One of the questions on the minds of most China watchers these days is how Beijing will behave externally when it faces a far more difficult internal environment. Of the well-recognized challenges China will encounter in the coming years are its deteriorating economic dynamism, a structure of decision-making with diffused power and uncertain authority, rising nationalism, growing demand for political reform, and widespread popular disenchantment with the status quo.
In totality, these internal difficulties will reduce the resources available to maintain and expand China’s influence around the world, constrain the Chinese military’s ability to accelerate its modernization, and make Chinese leaders more reluctant to assume greater international or regional responsibilities. Most worryingly, erratic behavior driven by a mixture of lack of leadership experience and political security will most likely mark Beijing’s foreign policy conduct in the coming years.
Given the high profile China has assumed in projecting its economic influence around the world, particularly in resource-rich developing countries, one might dismiss as fanciful the suggestion that looming economic hardships at home may severely limit Chinese capacity for establishing itself as an economic alternative to the West. But a closer look at how China has been funding its investments in Africa, Central Asia, and Latin America would show that such investments are not only expensive, but also very risky. The grants and concessionary loans China has made to various countries to gain their goodwill have totaled at least tens of billions of dollars (these are reported figures; nobody knows the real amount). They were made when China enjoyed double-digit growth and had ample cash to throw around. But as the Chinese economy decelerates and less money flows into Beijing’s coffers, the Chinese government will obviously have less funds to sustain such economic and diplomatic offensives. Politically, continuing a lavish foreign aid program when its own people are struggling will surely arouse fierce criticisms from the public. Not too long ago, the Chinese Foreign Ministry was denounced bitterly when it was revealed that China donated safe school buses to Macedonia when its own schoolchildren have to ride in unsafe vehicles.

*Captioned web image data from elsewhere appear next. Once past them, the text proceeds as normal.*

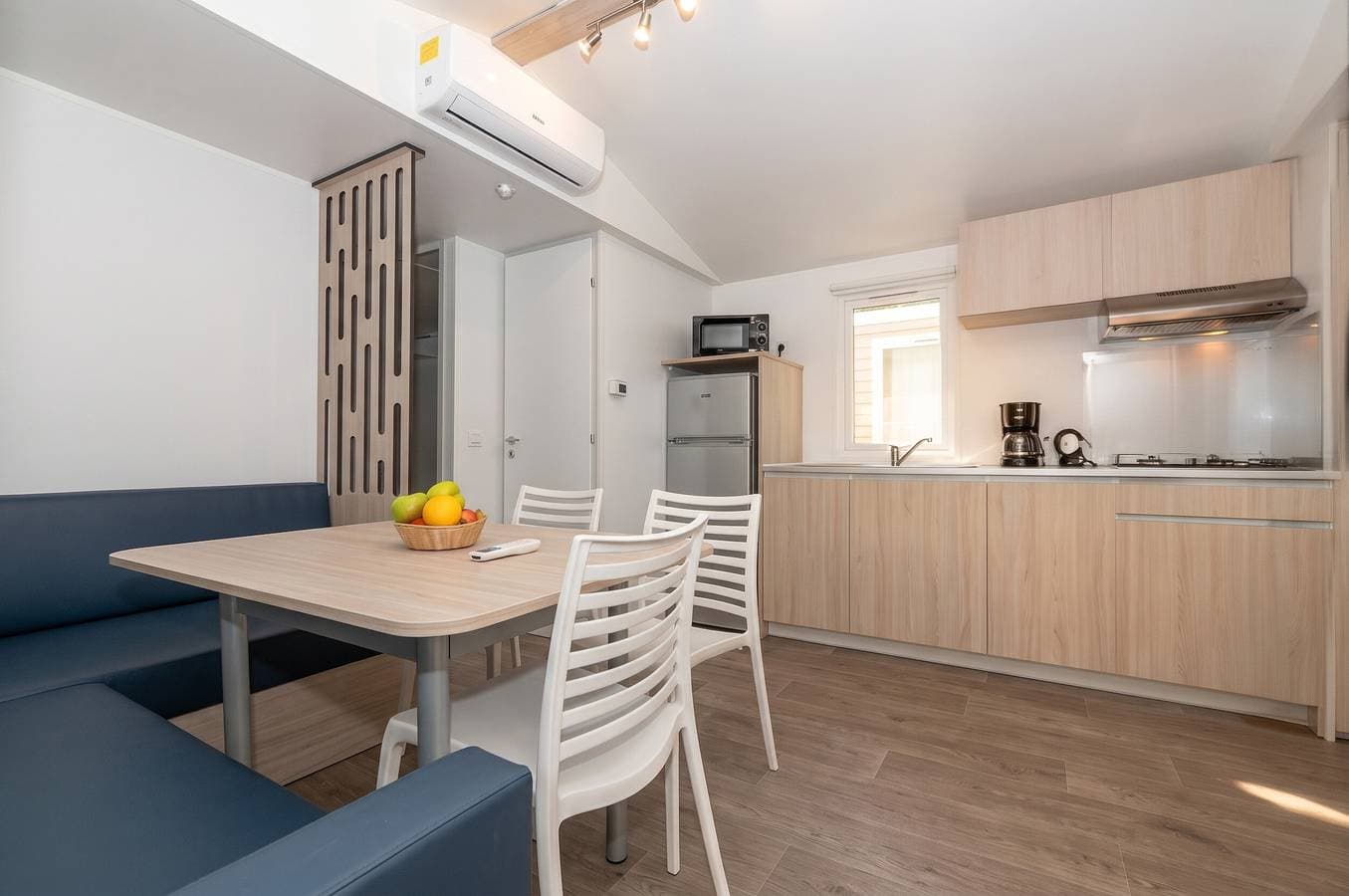 Foto 2 von 12: Komfortabler Bungalow in Nans-les-Pins mit Gemeinschaftspool
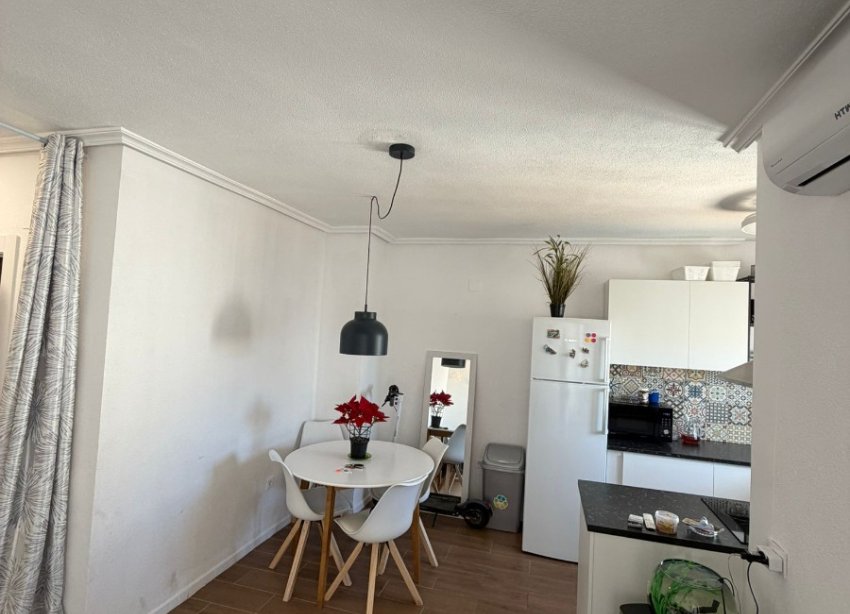 Resale - Apartment - Orihuela Costa - Punta Prima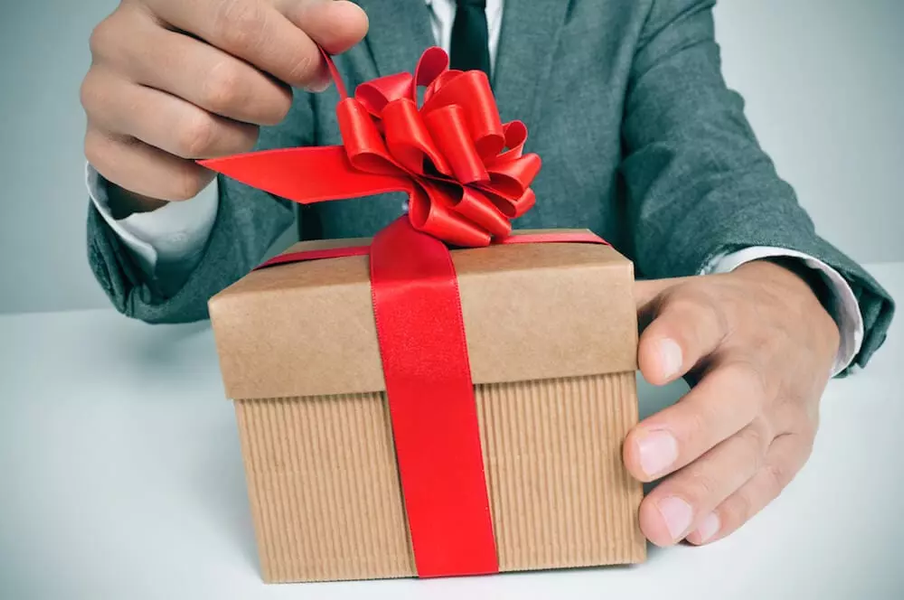 How to Use Corporate Gifts to Enhance Team Collaboration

China’s risky foray into developing countries will face another hurdle. Most of the big-ticket projects China has supported in these countries are funded by loans from China’s state-owned banks. Based on previous experience, many of these projects are likely to fail. As Chinese banks are themselves expected to struggle to deal with a wave of non-performing loans at home, the last thing they want to do is to keep funding these high-risk, low-return projects abroad. So it is a foregone conclusion that a weaker China at home means a less influential China abroad.